The listing below contains a span that opens with the line containing "Rogue Legacy 2 Çıkış Tarihi Ertelendi" and closes with the line containing "ASUS Vivobook Go". Return that span exactly.
|---|
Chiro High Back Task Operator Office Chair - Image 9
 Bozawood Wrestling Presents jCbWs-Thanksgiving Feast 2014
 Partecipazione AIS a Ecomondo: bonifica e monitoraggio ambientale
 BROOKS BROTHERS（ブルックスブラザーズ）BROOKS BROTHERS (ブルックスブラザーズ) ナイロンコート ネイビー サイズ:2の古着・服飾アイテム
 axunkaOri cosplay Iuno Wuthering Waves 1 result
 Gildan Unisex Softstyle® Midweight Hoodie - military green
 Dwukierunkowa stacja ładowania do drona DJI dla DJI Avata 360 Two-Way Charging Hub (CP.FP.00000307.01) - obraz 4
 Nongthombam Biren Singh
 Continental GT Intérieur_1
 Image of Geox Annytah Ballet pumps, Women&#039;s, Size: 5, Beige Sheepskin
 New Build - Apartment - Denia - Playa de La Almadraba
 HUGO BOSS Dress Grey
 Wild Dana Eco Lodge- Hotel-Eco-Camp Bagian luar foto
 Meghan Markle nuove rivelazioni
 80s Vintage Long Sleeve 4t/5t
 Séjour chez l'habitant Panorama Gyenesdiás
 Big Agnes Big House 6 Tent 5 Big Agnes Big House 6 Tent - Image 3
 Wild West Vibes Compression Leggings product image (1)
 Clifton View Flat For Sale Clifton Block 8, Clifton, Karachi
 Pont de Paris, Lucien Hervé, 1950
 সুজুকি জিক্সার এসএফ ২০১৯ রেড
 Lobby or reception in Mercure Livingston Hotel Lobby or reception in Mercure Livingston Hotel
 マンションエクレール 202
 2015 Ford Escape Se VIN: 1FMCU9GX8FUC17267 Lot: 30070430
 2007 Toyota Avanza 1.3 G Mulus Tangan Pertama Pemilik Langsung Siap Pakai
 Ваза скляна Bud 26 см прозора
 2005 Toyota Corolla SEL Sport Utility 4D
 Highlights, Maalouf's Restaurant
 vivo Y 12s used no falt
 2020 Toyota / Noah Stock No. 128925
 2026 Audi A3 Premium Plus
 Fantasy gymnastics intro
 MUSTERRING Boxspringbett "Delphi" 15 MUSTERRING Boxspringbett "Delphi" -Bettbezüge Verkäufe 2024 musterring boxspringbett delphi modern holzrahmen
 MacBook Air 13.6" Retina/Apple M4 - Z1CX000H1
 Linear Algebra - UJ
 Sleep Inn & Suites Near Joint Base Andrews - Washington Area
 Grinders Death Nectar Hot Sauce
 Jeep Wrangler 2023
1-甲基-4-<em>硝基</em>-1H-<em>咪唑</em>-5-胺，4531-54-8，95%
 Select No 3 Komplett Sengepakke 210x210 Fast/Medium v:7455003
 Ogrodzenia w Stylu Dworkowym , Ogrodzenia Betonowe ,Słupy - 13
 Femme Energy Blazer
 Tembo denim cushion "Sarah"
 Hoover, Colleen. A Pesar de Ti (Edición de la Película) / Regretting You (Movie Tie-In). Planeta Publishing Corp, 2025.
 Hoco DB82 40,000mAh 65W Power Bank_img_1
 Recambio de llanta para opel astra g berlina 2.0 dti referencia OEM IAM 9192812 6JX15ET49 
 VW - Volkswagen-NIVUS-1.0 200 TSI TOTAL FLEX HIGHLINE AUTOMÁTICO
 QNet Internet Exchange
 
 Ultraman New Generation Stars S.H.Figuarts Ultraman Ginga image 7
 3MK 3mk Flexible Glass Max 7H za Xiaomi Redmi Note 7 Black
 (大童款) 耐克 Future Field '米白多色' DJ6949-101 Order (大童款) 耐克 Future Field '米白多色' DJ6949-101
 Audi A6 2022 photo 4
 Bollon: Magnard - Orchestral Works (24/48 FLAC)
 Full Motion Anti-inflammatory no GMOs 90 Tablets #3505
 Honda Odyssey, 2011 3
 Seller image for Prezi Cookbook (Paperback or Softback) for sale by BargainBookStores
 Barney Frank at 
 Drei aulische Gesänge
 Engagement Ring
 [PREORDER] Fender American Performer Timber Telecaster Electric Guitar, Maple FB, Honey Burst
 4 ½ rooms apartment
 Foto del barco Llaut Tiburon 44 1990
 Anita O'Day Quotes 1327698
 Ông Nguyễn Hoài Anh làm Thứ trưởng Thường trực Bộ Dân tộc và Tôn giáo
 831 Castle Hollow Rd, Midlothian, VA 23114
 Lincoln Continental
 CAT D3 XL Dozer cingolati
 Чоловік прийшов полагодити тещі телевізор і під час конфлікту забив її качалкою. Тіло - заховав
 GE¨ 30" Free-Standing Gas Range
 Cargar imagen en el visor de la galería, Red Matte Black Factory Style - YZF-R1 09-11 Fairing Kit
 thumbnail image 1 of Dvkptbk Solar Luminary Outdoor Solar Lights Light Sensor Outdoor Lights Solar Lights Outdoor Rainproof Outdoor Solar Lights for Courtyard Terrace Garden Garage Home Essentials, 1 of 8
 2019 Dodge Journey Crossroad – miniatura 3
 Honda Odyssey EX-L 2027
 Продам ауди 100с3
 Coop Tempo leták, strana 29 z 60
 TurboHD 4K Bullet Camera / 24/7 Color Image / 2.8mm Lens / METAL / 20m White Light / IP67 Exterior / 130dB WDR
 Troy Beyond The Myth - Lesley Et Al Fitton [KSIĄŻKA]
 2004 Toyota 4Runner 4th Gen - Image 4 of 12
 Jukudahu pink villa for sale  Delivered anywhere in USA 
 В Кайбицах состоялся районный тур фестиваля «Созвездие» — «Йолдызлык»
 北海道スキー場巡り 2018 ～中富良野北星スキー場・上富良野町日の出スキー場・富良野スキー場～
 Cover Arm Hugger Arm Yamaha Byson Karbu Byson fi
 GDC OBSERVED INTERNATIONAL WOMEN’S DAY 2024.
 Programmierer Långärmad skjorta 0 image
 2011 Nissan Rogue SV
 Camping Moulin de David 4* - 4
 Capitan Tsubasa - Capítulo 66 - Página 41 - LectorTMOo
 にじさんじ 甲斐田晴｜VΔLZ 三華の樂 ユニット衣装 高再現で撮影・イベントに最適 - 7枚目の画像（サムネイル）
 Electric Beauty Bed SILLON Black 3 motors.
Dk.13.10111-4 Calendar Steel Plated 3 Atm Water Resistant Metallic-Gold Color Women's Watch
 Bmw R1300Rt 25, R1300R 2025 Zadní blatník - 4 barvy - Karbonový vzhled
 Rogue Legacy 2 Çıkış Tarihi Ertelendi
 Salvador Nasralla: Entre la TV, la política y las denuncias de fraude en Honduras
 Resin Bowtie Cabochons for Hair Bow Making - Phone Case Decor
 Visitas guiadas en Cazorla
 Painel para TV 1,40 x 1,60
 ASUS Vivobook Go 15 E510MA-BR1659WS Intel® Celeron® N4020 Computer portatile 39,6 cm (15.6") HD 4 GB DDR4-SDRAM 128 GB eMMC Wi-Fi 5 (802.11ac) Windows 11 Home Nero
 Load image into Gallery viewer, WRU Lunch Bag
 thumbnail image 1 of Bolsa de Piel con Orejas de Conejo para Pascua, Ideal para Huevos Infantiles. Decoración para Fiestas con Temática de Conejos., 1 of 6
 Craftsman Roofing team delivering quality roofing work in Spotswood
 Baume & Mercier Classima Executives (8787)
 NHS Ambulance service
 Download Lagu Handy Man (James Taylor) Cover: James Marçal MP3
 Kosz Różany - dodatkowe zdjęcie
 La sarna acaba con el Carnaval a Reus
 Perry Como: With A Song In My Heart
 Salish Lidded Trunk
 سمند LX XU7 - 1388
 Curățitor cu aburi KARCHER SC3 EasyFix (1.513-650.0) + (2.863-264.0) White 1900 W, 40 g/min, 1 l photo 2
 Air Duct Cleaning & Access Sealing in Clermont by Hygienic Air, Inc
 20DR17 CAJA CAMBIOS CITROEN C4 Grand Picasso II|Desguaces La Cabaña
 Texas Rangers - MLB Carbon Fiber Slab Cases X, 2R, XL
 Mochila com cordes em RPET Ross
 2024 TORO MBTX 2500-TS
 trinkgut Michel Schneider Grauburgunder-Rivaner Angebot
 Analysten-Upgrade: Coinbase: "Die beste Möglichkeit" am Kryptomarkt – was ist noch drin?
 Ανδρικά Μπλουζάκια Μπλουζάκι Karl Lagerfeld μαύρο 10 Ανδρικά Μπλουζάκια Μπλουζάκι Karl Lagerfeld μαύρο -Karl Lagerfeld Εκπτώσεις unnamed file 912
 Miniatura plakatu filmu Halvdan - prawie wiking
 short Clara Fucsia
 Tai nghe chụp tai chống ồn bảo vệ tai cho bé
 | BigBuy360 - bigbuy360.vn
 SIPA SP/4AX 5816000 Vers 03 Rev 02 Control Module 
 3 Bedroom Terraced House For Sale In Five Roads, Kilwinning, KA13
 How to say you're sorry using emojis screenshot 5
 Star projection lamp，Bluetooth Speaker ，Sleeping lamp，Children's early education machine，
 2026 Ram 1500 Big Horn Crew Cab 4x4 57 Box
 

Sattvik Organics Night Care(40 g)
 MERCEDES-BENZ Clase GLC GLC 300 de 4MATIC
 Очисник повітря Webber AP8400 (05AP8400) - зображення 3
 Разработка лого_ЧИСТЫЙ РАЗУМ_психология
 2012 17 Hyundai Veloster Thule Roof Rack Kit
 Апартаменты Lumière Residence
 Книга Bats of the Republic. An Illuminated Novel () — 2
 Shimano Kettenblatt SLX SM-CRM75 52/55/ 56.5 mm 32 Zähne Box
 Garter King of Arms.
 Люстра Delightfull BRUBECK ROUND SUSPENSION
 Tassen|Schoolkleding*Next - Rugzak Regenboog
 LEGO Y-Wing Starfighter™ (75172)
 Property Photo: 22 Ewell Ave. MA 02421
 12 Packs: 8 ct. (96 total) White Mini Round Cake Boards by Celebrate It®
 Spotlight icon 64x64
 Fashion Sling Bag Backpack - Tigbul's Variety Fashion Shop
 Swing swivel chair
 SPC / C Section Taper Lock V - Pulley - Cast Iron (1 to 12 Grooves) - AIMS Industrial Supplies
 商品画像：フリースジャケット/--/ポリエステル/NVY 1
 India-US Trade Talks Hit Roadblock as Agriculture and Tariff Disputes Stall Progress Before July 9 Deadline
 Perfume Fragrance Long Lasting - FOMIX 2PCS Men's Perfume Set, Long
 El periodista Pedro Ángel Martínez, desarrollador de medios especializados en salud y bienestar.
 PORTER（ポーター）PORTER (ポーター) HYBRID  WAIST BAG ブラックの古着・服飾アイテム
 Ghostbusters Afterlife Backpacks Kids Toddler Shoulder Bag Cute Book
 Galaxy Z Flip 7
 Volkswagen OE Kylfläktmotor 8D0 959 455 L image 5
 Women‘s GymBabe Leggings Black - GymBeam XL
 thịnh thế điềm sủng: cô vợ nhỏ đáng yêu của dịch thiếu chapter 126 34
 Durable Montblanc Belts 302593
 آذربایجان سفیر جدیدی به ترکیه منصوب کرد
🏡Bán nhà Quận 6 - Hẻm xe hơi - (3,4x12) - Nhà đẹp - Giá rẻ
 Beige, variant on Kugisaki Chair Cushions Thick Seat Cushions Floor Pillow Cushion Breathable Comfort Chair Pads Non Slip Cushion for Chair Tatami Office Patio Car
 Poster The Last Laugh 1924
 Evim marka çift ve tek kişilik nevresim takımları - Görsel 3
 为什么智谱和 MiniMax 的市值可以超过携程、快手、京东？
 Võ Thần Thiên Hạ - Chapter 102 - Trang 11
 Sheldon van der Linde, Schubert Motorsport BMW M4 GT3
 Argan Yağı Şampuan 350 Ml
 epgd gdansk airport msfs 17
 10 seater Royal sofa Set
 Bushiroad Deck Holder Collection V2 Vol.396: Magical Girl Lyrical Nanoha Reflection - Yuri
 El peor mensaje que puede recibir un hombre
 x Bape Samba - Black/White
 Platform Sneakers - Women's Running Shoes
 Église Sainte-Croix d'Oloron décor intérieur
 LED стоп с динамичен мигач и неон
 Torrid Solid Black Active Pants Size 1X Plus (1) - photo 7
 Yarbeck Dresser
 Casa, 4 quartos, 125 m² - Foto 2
|---|
- **RESULT**
 Rogue Legacy 2 Çıkış Tarihi Ertelendi
 Salvador Nasralla: Entre la TV, la política y las denuncias de fraude en Honduras
 Resin Bowtie Cabochons for Hair Bow Making - Phone Case Decor
 Visitas guiadas en Cazorla
 Painel para TV 1,40 x 1,60
 ASUS Vivobook Go 15 E510MA-BR1659WS Intel® Celeron® N4020 Computer portatile 39,6 cm (15.6") HD 4 GB DDR4-SDRAM 128 GB eMMC Wi-Fi 5 (802.11ac) Windows 11 Home Nero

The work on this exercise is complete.